Moreover, localization functionalities are a
fundamental component in immersive communications, at least in all situations
involving user mobility; in some cases, users are represented by robots moving
within a certain zone [1–3]. As pointed out, for example in [4], there are four common tasks
in immersive visualization, namely, localization, orientation, navigation, and
representation. Actually, many works on virtual immersive environments focus on
the task of having a user localize a specific target (e.g., an audio source)
[4–6]. However, equally important in such environments is
often the symmetric problem of localization of the user on the part of the
surrounding ambient technology (see, e.g., [7, 8]).
The problem of localization has been commonly solved
by using different approaches, which rely upon the environment where the system
has to operate. When the application is deployed in a wide outdoor environment,
GPS is the most ordinary approach: it works well when receivers are in wide
areas, but it can be useless in a more complex environment, such as narrow city
streets or indoor spaces [9].
Other solutions have been developed to overcome these
deficiencies: radio power maps and theoretical, or empirical, power-decrease
laws are often used to estimate the distance from known fixed positions, for
example by measuring received power from IEEE
access points or cellular base stations. For
indoor applications, also the approaches based on received power do not provide
enough accuracy, owing to environmental complexity. Improvements are obtained
when other techniques are adopted: solutions based on ultrasonics give better
results than radio approaches and turn out to be cheaper too.

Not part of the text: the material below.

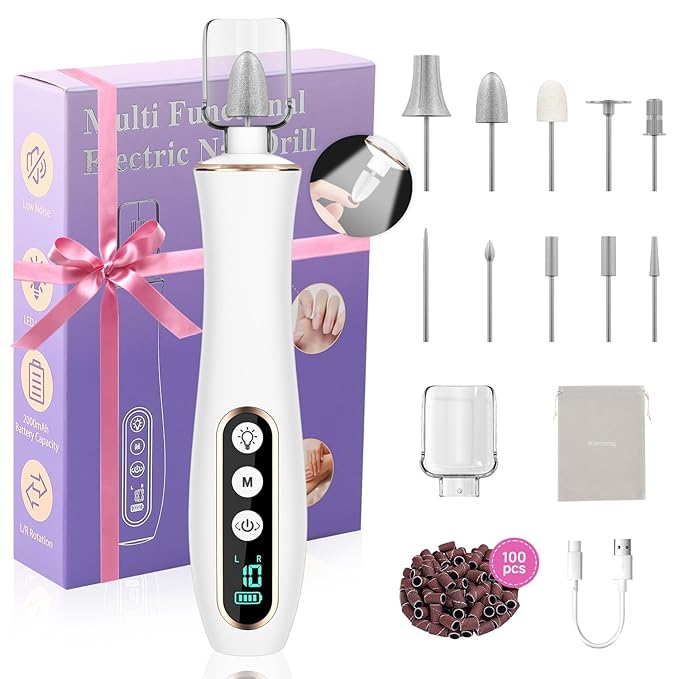 2 Pack Rechargeable Nail File Machine – 10-in-1 Design with 100PCS Sanding Belts for Smooth Finish, White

When high precision is the goal, systems are usually
based on high-end technological devices [10] or very complex infrastructures, which make the
deployment expensive and difficult, especially indoor. Wiring takes most of the
effort: solutions based on wireless communications can easily overcome this
trouble and therefore can speed up system deployment.
Wireless sensor networks (WSNs) embody the idea of
flexibility and easiness. They are composed of several simple devices, the
nodes, which communicate by radio and cooperate to reach a goal. WSNs are
commonly used to monitor very wide areas: nodes measure some quantity, for
example temperature, and send data toward a specific node, called sink, which
is the interface between the WSN and other networks. Specific protocols have to
be developed to configure the network, by flooding topological information, and
to route data from sensors to the sink. To overcome long distances, protocols
must allow multihop transmissions. Nodes send packets to the sink by means of
other nodes, but they must also be as simple as possible to save batteries and
to cope with limited computational and storage capabilities of the nodes. WSNs
can be organized as meshes, by exploiting multihop protocols, but also clusters
or hierarchical structures can be adopted during network design.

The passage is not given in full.